| name | sbce |
| description | Spec-driven BCE workflow where one capability spec equals one business component (same name) and the spec is the boundary contract. Invoked as `/sbce new|apply <capability-or-feature>` (or by intent), it drives declare → converge; the stack's own test loop is the oracle for "done". `new` accepts a BC name or a natural-language feature description that may decompose into one or several BCs (new or existing). Stack-neutral — composes with `/bce` and a stack skill (`/java-cli-app`, `/microprofile-server`, `/web-components`, …) for code shape and verification. Use when authoring or converging a capability spec, declaring a feature as one or more BCs, mapping a spec to a BC, or running `/sbce new`, `/sbce apply`. Triggers on "SBCE", "capability spec", "spec-driven BCE", "declare a feature", "spec to BC", "converge to spec", "/sbce new", "/sbce apply". |
Drive the spec-driven BCE workflow — one skill owns both the rules and the steps. Invoke as
/sbce <mode> <capability> (new or apply), or let it trigger from intent.
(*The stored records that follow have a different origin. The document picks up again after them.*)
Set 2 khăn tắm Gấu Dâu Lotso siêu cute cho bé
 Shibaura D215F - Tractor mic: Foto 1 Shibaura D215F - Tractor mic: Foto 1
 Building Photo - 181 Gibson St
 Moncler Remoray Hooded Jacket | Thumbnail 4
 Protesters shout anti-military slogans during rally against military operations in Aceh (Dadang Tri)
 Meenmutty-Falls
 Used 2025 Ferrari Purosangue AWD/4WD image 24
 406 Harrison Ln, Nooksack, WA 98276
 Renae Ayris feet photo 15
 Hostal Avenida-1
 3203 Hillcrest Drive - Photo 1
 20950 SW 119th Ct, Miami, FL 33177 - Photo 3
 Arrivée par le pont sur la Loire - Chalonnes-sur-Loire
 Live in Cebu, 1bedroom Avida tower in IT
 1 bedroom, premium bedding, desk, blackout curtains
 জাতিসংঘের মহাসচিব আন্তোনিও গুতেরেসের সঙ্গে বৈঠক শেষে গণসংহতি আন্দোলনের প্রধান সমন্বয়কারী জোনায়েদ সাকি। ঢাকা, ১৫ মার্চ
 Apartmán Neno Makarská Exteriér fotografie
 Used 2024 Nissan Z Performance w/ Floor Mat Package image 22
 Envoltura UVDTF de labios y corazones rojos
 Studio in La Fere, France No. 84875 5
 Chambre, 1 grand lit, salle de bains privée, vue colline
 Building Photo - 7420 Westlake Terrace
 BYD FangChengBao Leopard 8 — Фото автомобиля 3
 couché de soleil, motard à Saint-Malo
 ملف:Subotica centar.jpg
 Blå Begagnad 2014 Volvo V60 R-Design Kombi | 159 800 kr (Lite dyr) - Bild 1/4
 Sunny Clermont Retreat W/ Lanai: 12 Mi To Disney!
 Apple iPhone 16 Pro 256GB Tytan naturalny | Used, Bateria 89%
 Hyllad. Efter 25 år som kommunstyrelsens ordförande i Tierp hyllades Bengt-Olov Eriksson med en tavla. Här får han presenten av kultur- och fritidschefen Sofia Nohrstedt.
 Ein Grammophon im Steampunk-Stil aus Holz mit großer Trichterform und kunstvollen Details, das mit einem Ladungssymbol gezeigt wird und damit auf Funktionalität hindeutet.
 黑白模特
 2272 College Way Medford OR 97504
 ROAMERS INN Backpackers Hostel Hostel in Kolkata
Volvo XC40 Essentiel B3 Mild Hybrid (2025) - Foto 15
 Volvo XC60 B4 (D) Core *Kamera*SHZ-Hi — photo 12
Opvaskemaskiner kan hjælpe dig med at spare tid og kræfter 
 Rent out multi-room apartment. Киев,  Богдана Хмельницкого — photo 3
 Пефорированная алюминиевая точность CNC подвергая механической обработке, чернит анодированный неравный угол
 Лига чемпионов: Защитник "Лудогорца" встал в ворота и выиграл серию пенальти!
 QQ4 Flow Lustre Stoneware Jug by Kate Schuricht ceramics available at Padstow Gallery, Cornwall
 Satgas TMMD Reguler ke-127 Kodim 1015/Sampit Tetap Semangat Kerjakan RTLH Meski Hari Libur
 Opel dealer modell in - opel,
Apply every rule
strictly.
Guiding principles
- The spec is the boundary contract — what the boundary promises, never how.
- The spec lives in the BC's package doc —
package-info.java (Java, /// Markdown) or package-info.md (web) — co-located with the code it governs. There is no separate specs/ tree and no hand-typed package coordinate. In Java the /// doc renders via javadoc, so the same file is source-of-truth and published contract.
- One capability spec ≡ one business component, named the same. No translation between "what" and "where".
- The task list is the gap, read off
spec vs BC on demand — never a hand-maintained tasks file.
- One spec per capability, the single source of truth — never diff or merge two specs.
- Split by determinism: tooling runs tests and places the BC; this skill writes the spec, the code, and closes the gap.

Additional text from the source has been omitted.